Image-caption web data
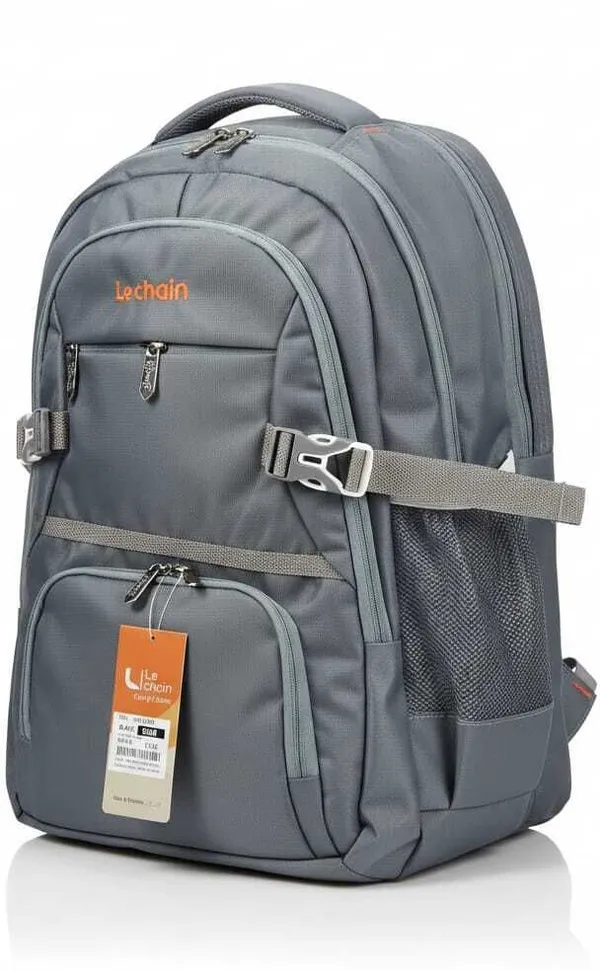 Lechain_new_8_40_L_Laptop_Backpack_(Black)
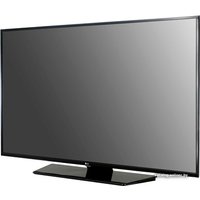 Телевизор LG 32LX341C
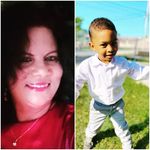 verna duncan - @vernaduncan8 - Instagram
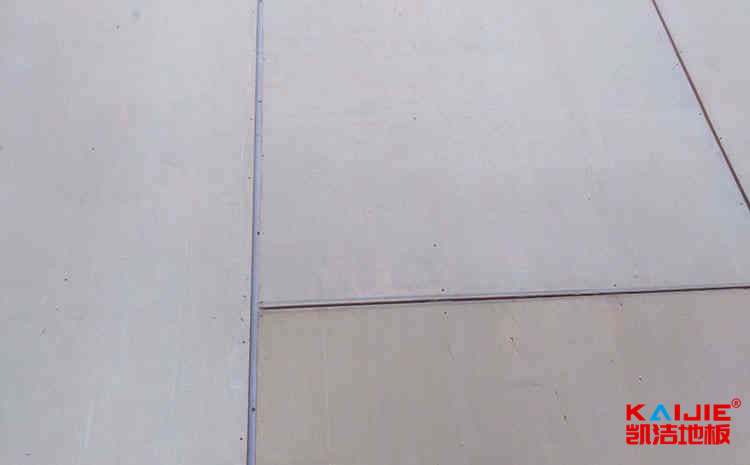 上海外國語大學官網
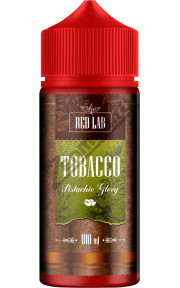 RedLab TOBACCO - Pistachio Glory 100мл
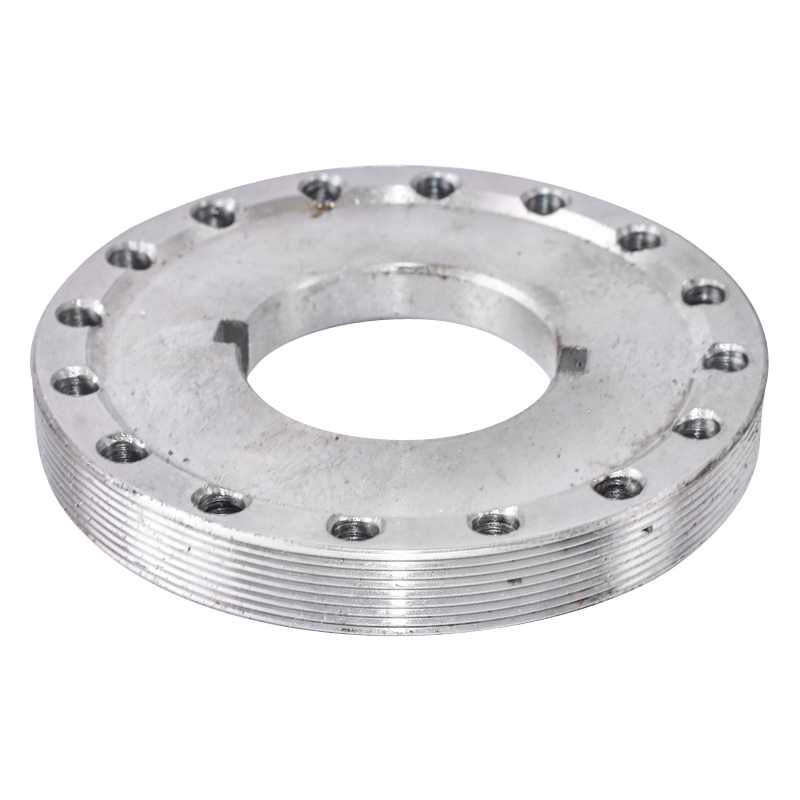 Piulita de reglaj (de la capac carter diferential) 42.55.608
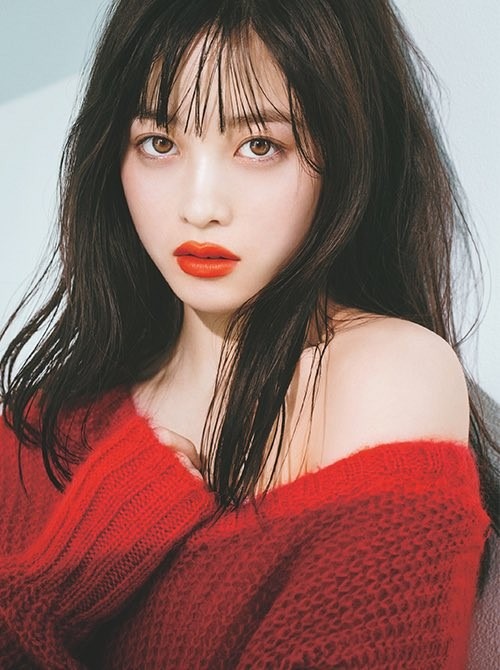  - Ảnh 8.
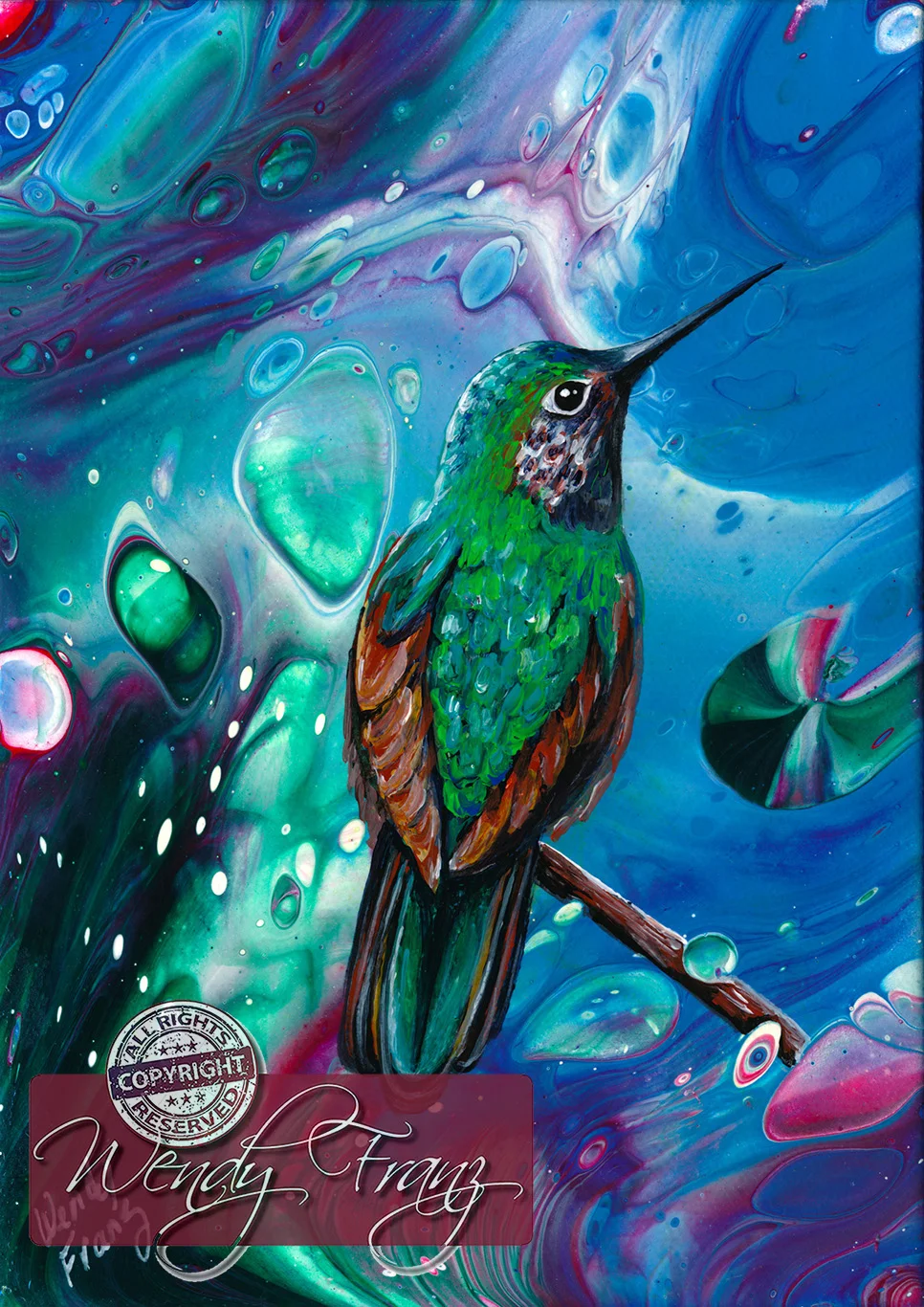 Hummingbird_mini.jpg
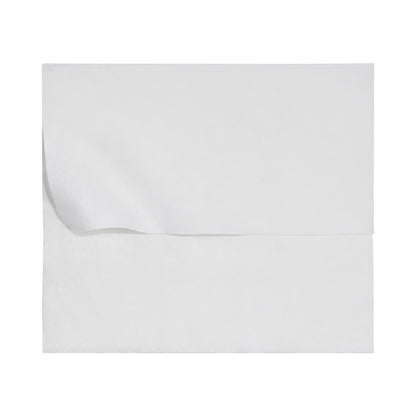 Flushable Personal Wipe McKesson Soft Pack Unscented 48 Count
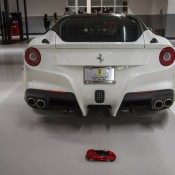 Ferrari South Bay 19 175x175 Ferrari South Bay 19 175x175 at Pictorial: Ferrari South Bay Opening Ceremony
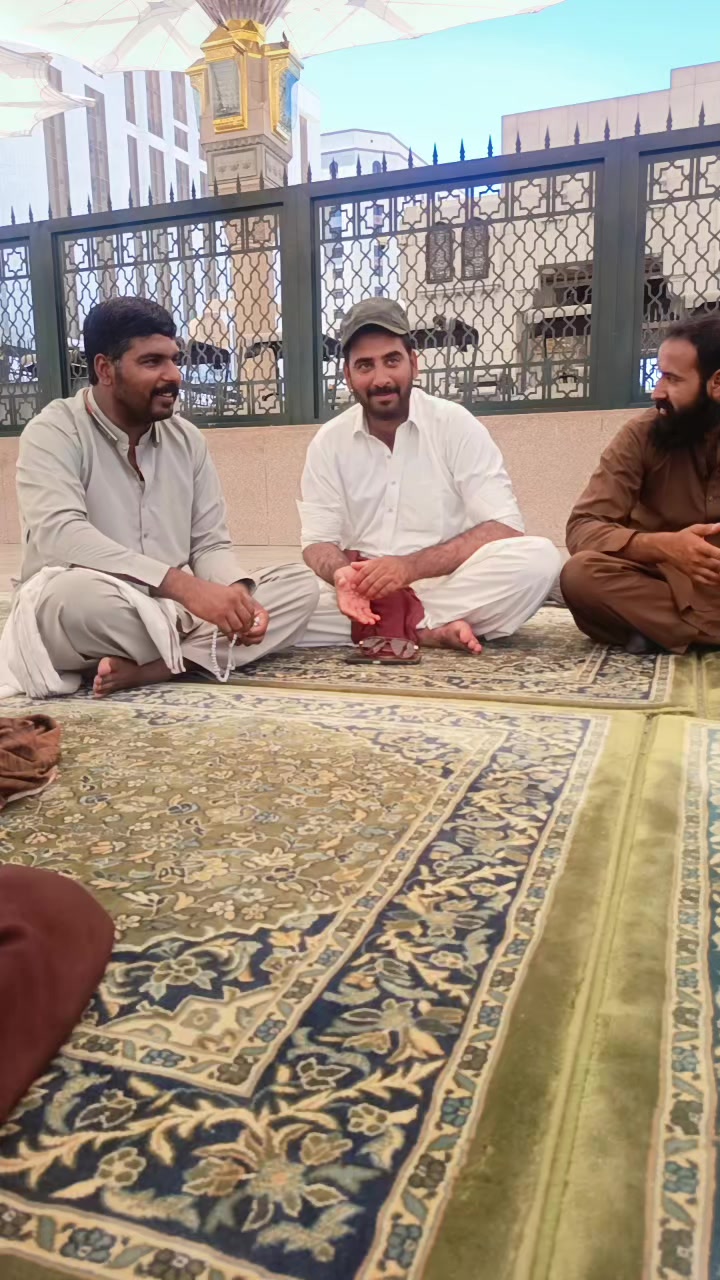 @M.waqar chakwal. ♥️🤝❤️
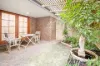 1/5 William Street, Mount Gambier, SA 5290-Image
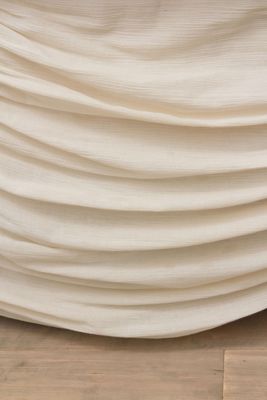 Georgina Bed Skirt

**TASK DESCRIPTION**: Retype all entries exactly as they appear, dropping the images.

**TASK ANSWER**:
 Lechain_new_8_40_L_Laptop_Backpack_(Black)
 Телевизор LG 32LX341C
 verna duncan - @vernaduncan8 - Instagram
 上海外國語大學官網
 RedLab TOBACCO - Pistachio Glory 100мл
 Piulita de reglaj (de la capac carter diferential) 42.55.608
  - Ảnh 8.
 Hummingbird_mini.jpg
 Flushable Personal Wipe McKesson Soft Pack Unscented 48 Count
 Ferrari South Bay 19 175x175 Ferrari South Bay 19 175x175 at Pictorial: Ferrari South Bay Opening Ceremony
 @M.waqar chakwal. ♥️🤝❤️
 1/5 William Street, Mount Gambier, SA 5290-Image
 Georgina Bed Skirt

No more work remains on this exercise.